Jetzt oder morgen - Kurzinhalt zum Film
Claudia hat bereits mit 15 Jahren ihren Sohn Daniel bekommen. Die beiden wohnen mit Claudias Mutter und Bruder in einer gemeinsamen Wohnung. Viel passiert nicht, das Alltägliche eben: Zähneputzen, Daniel zum Kindergarten bringen. Dazwischen wird geraucht, auf dem Sofa gelungert, auf das Handy gestarrt. Bruder Gerhard spielt am Bildschirm Lkw-Fahrer. Führerschein? Lieber am Simulator als in der Realität, da wäre alles schwieriger.
Es scheint, als wollten sie sich nicht der Realität draußen, vor den Fenstern stellen. Die wie ihre Tochter arbeitslose Mutter surft zwar im Internet nach Jobs, aber erfolglos und vielleicht deshalb unengagiert. "Manchmal ist das schon wurscht", seufzt sie einmal. Claudia hat mit ihrem Kind inzwischen die Wohnung der Schwester ihres Freundes bezogen. Schulden häufen sich an, doch die Sensibilität für Rückzahlung fehlt.
Einzige Unterbrechung der dahingleitenden Zeit sind Geburtstage, gleichzeitig emotionale Höhepunkte und familiäre Crashtests.
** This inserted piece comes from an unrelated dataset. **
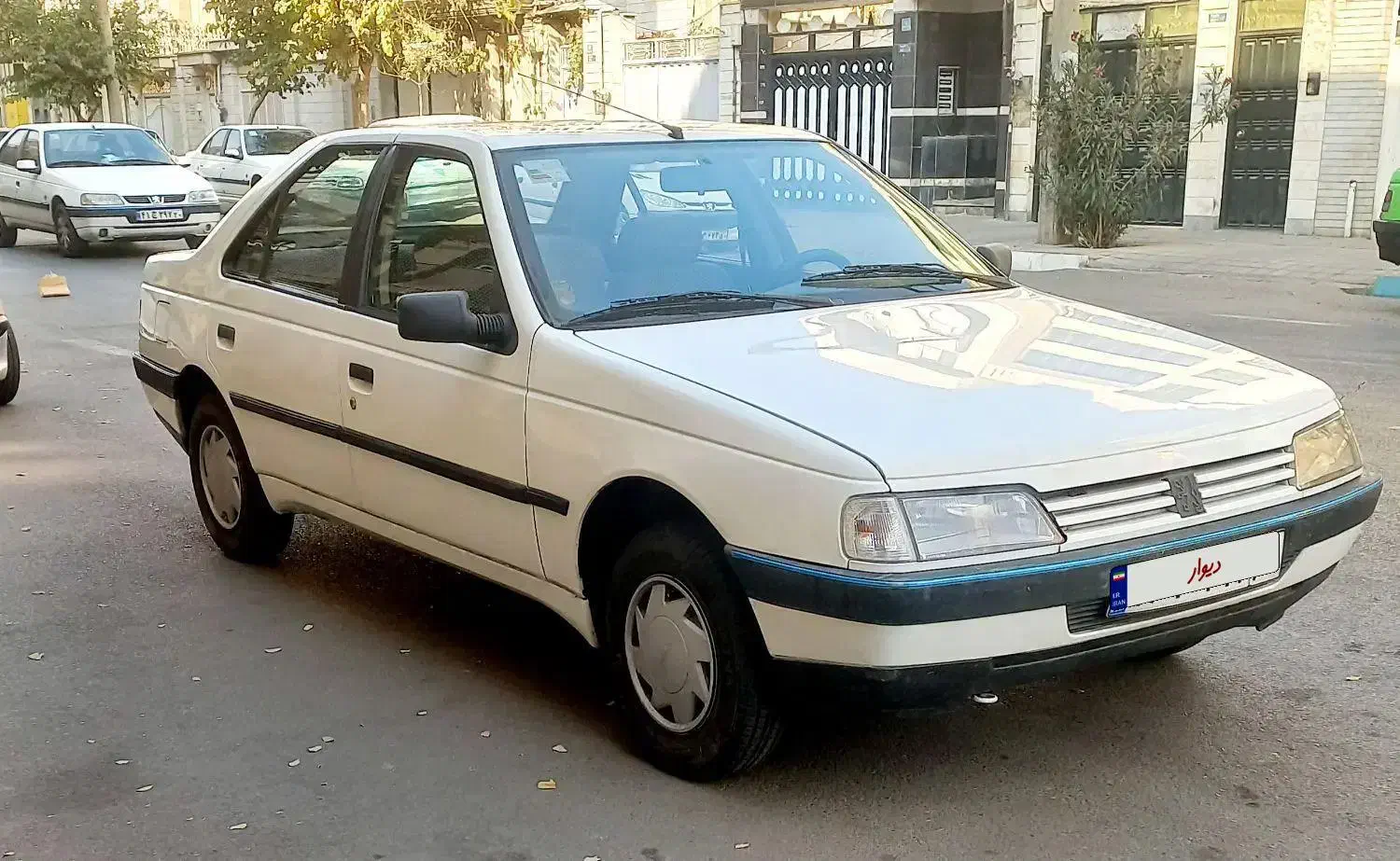 پژو آردی سفید مدل ۸۱ بی رنگ کولر دار کم کار|خودرو سواری و وانت|تهران, صفا|دیوار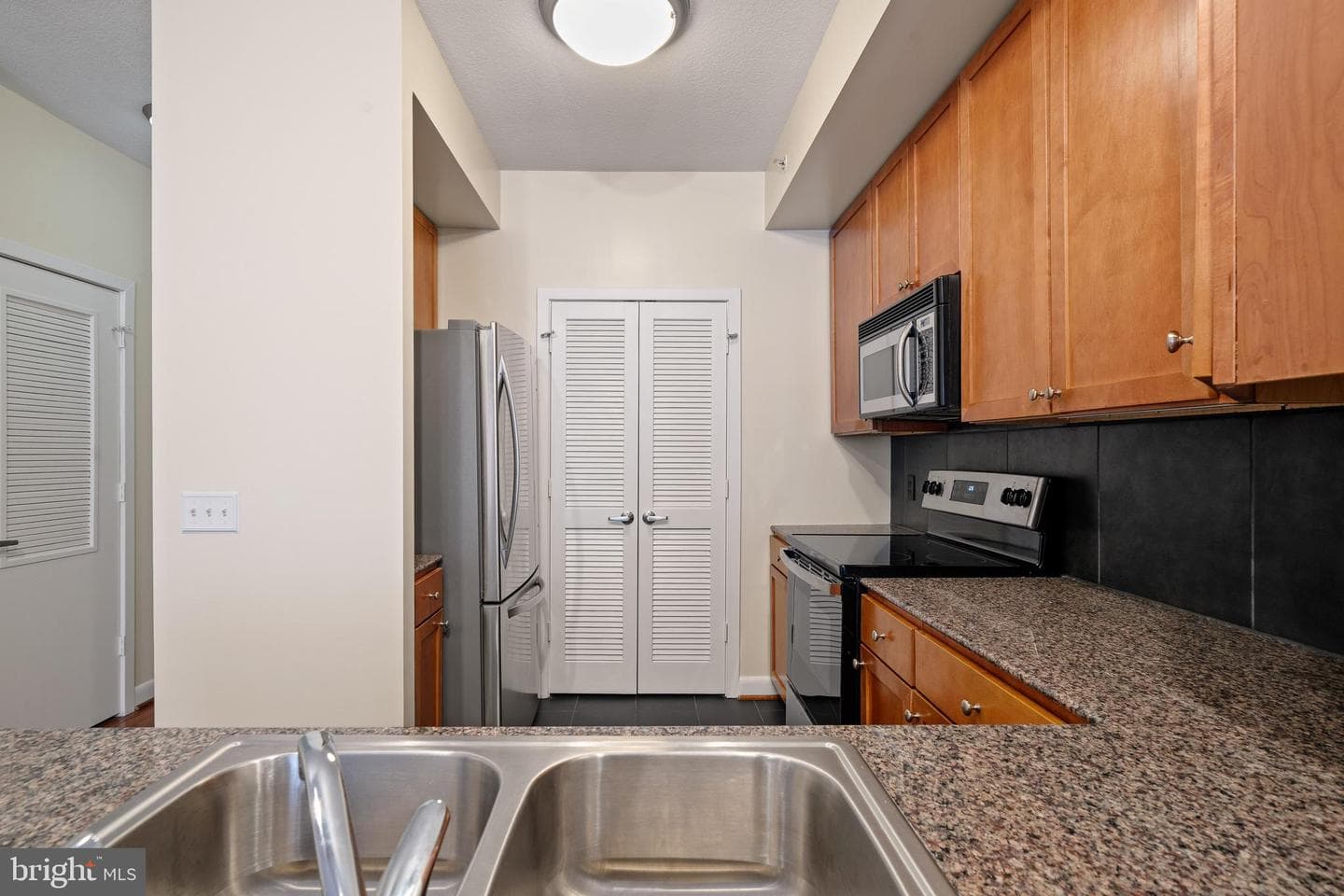 400 Massachusetts Avenue NW #421 photo 11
Wenn sich Claudia beklagt, ihre Familie würde sie nicht einmal dann besuchen, hat das vielleicht ganz simple Gründe: Sie wohnt im dritten Stock, Mutter und Bruder sind schwer übergewichtig.
Jetzt oder morgen - Die Kritik
Regisseurin Weber hat Claudia zwischen ihrem 19. und 23. Lebensjahr filmisch begleitet und stellt viel Nähe zu den unbekümmert vor laufender Kamera agierenden Personen her. Sie zeigt sich mitunter selbst im Bild, stellt Fragen. Doch für die Dramatik der prekären Situation hätte es mehr Bilder von der vergeblichen Jobsuche benötigt. So meint Claudia immer nur, ohne Schulabschluss habe man keinen Erfolg. Doch nie wird ihr Bemühen darum gezeigt.
Vielmehr scheint sich "Jetzt oder morgen" auf den kleinen Daniel zu konzentrieren, der eben ein Kind wie viele, aber nicht die Hauptperson des Films ist. Ausführlich hält die Kamera die ihm geschenkte Aufmerksamkeit fest, die sich ergibt, weil immer Angehörige anwesend sind. Doch wird ihm kaum pädagogische Betreuung zuteil. Die Kommunikation passiert eher nebenbei. Es hat den Anschein, als scheuten die Erwachsenen ernsthaftes Eingehen auf das Kind. Und so überträgt sich die Atmosphäre eines Stillstands ohne Hoffnung auch auf Daniel.